### Task description
Copy out every line of the material below, character for character, apart from the pictures.

### Recorded data
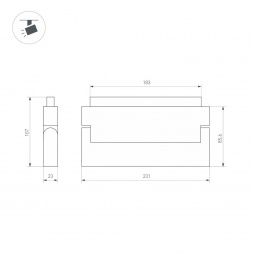 Трековый светодиодный светильник Arlight Mag-Orient-Flat-Fold-S230-12W Day4000 035856(1)
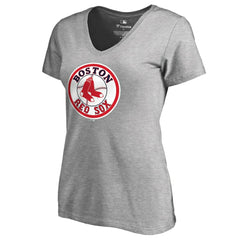 Boston Red Sox Women's Cooperstown Collection Forbes V-Neck T-Shirt - MLB T-shirts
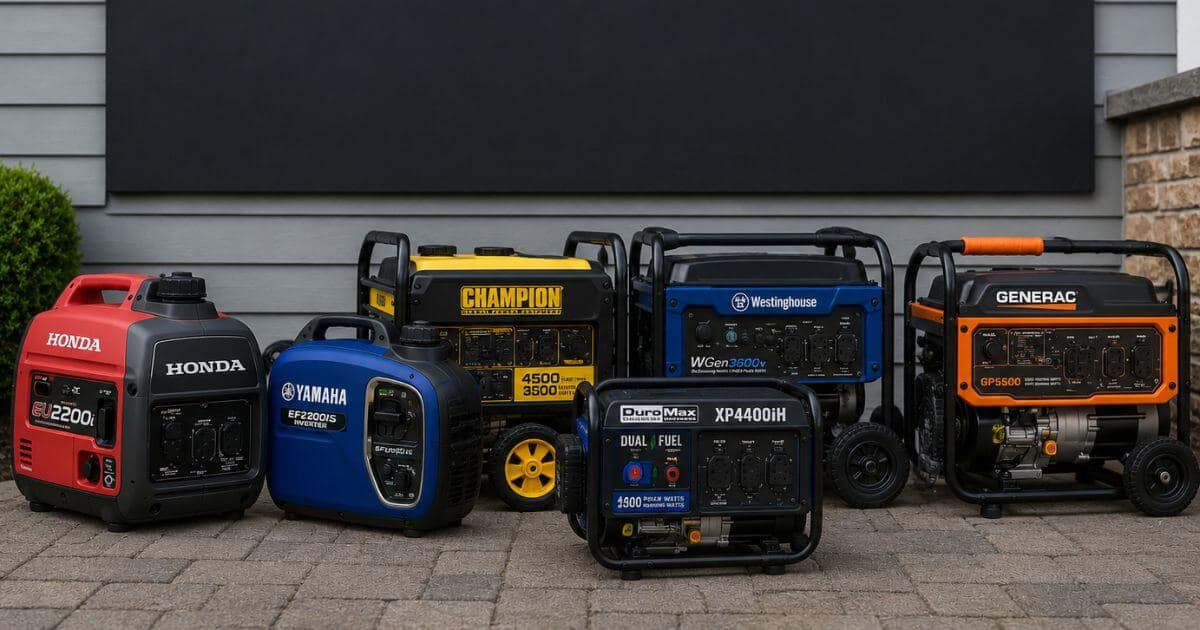 Portable Generator Lifespan by Brand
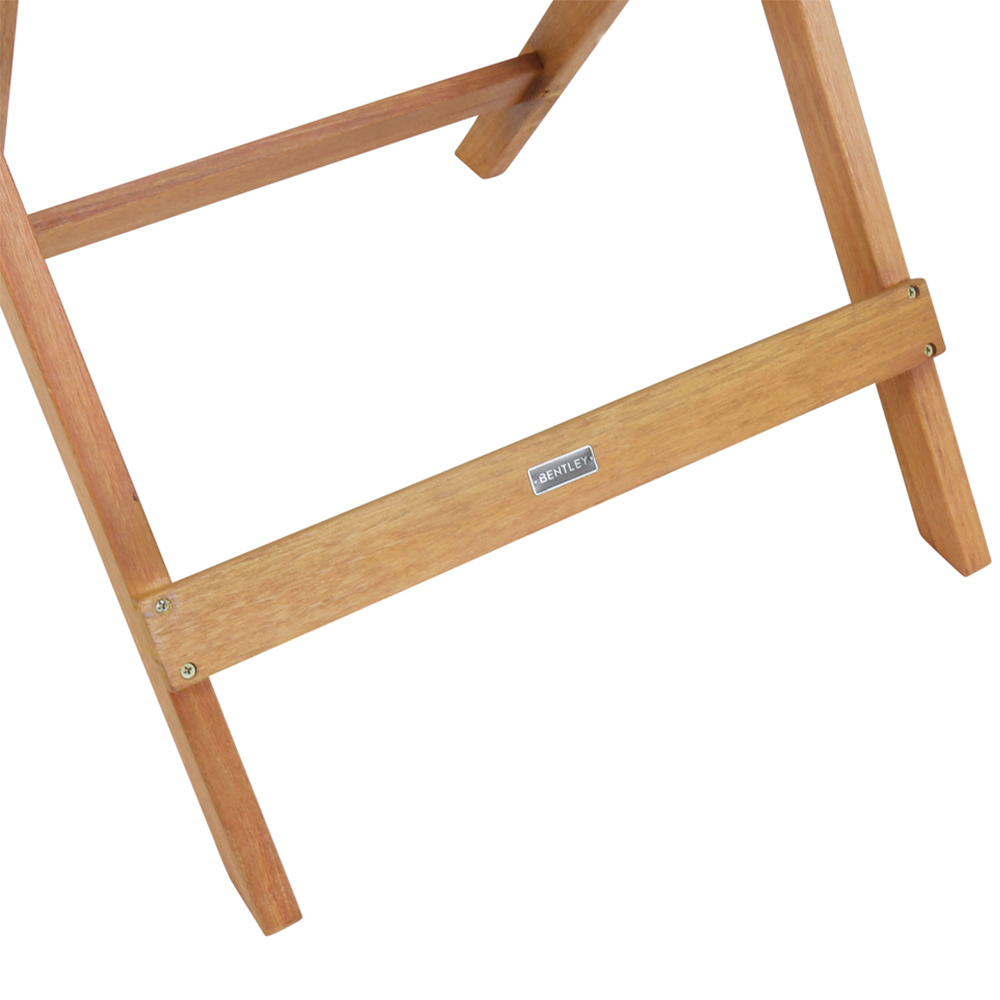 Charles Bentley Eucalyptus 2 Seater Square Folding Bistro Table Image 7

### Written answer
 Трековый светодиодный светильник Arlight Mag-Orient-Flat-Fold-S230-12W Day4000 035856(1)
 Boston Red Sox Women's Cooperstown Collection Forbes V-Neck T-Shirt - MLB T-shirts
 Portable Generator Lifespan by Brand
 Charles Bentley Eucalyptus 2 Seater Square Folding Bistro Table Image 7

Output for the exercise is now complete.